Everything else called Agile is tacked on to get less technically minded people stuff to do.
It has made my dev life miserable. I can carry a whole project by myself, if left alone and given clear requirements and time constraints. So many women with far too much makeup making do fucking poker deck shit, meetings and all sorts of shite that stops me from getting work done.
I am fortunate that I don't have a boss who obsesses over the inane busy work. All he really asks for is a plan, and to be kept updated as things go. He's happy for the plan to change as we go. The worst thing I currently have to do is juggle ticket updates and try to manage a checked out colleague.

I have experienced that crap though. I had a line manager about 10 years ago who basically obsessed over us doing planning poker, story points, meetingings about meetings etc. I am bitter about him more so because he ignored my simple demand to have a grade or title change to go along with a pretty good pay raise I got. He left and became an "Agile Coach". Presumably that means he carries people to the airport.
 
If I recall correctly, the original agile manifesto basically advised people to do what worked for them, release software regularly so that requirements can be refined by reality, and value people over processes.
Yes that is what I are referrring to. Much like many other means it doesn't matter much what the original manifesto was. It is what is commonly understood today. Agile today means lots of time wasting meetings, lots of process that make working miserable and empowers useless people.

I am of the belief that most software projects are often only completed by "Heroic Development". As a former hero, I refuse to to this these days and do the bare minimum as I've never been promoted or had a increase in pay that is worth the hours of my life wasted.
 
Yes that is what I are referrring to. Much like many other means it doesn't matter much what the original manifesto was. It is what is commonly understood today. Agile today means lots of time wasting meetings, lots of process that make working miserable and empowers useless people.

I am of the belief that most software projects are often only completed by "Heroic Development". As a former hero, I refuse to to this these days and do the bare minimum as I've never been promoted or had a increase in pay that is worth the hours of my life wasted.
I miss when I believed in what I was doing enough to be a hero, but honestly after you leave your first dev job you realize that there really are very few projects that are worth being passionate about.
You and your teammates pour your heart and soul into a big thing that people end up using for a little while and a year later outside forces have you working somewhere else and all that stuff you did is dust in the wind.

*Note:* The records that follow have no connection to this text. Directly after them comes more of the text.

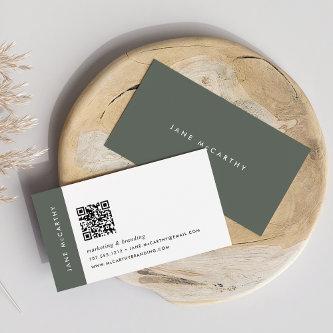 Dark Olive Green | Modern Minimalist QR Code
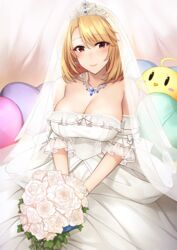  alternate_costume azur_lane bare_shoulders billion_(billion0103) blonde_hair bouquet breasts bridal_veil cleavage commentary_request dress female heart heart-shaped_pillow holding holding_bouquet jewelry large_breasts manjuu_(azur_lane) necklace pillow prince_of_wales_(azur_lane) red_eyes smile solo stuffed_animal stuffed_toy veil wedding_dress 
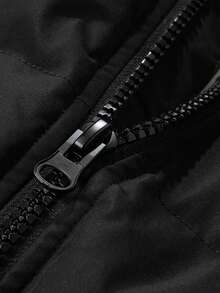 Manteau d'hiver casual pour hommes, doublé thermique matelassé, fermeture éclair avant, doublure en peluche, capuche amovible, tissu épais, manteau à manches longues pour l'hiver - Noir - Voir 10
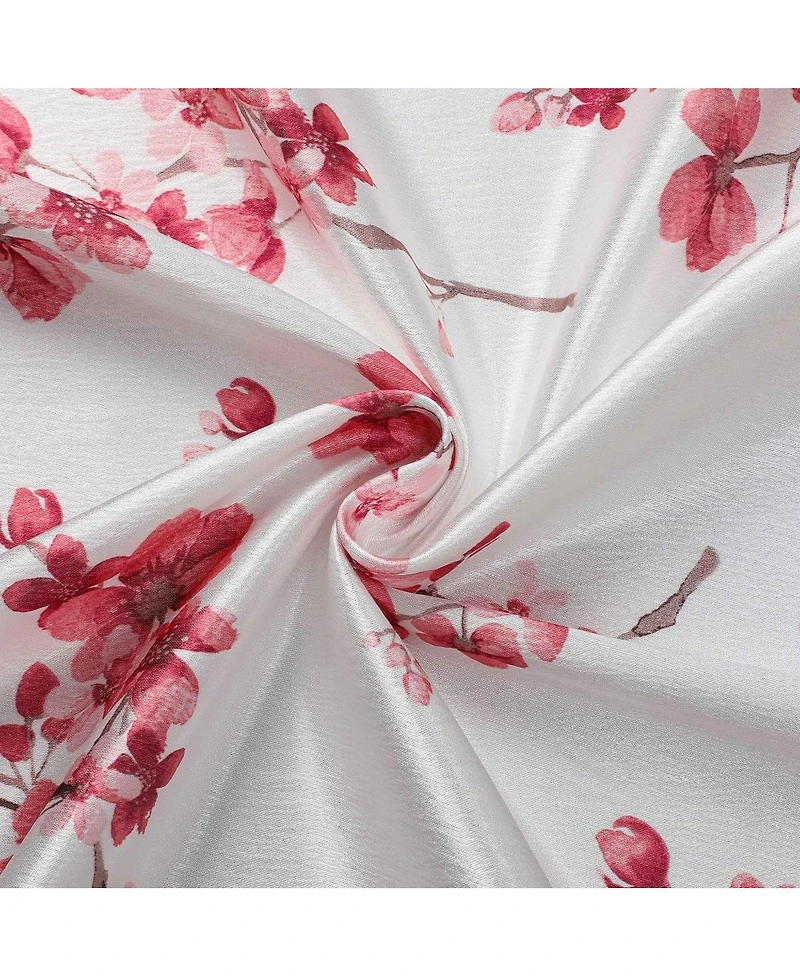 Kate Aurora 1 Piece Printed Cherry Blossom Rod Pocket Window Curtain Panel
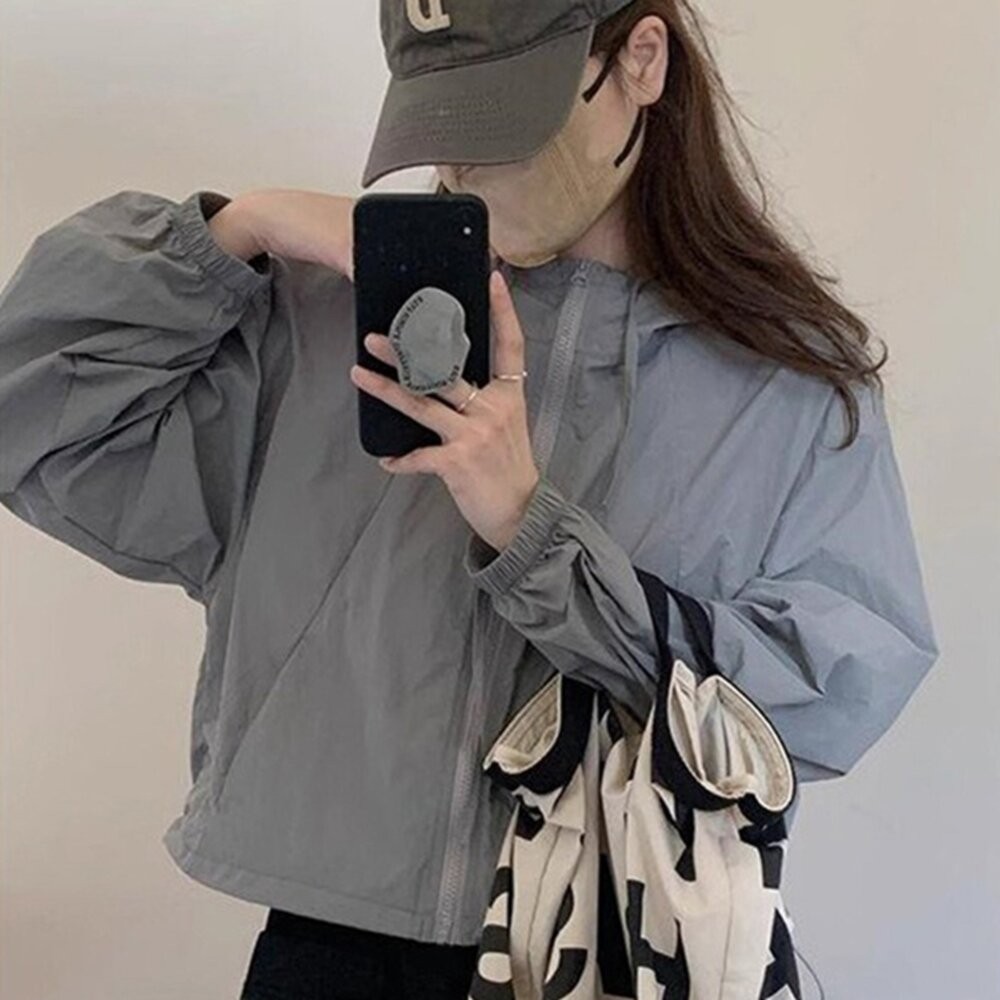 【台灣發貨】韓版輕薄透氣寬鬆薄外套 外套 防曬外套 女裝 上衣 衣服【J392】-細節圖2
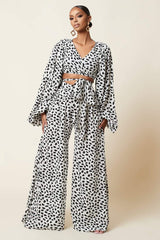 Floral Print Lantern Sleeve Wide-Leg Pants Suit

If your kitchen has more than like 10 cooks in it dont even bother, Just cut the veggies at an acceptable rate or they’ll raise expectations and give you more next time.
 
You and your teammates pour your heart and soul into a big thing that people end up using for a little while and a year later outside forces have you working somewhere else and all that stuff you did is dust in the wind.
I wrote a pure JS charting library for one company. I also wrote a backend to pull all the charts out for this section of the site, with proper DI so I could use stub data easily. It's already cross-browser and cross-device. It had pixel-perfect rendering. I wrote a bunch of documentation for it. They threw it away after 2 years and replaced it with something that worked worse.

I ran another product for them as a contractor. Delivered the product on time (the only time it happened in the company). I was having issues finding work due to a general collapse in demand for contractors. Interviewed for a perm job, and the feedback from my interview was that they didn't understand what I had done at the company, ignoring the fact that my work was running on their servers at the time.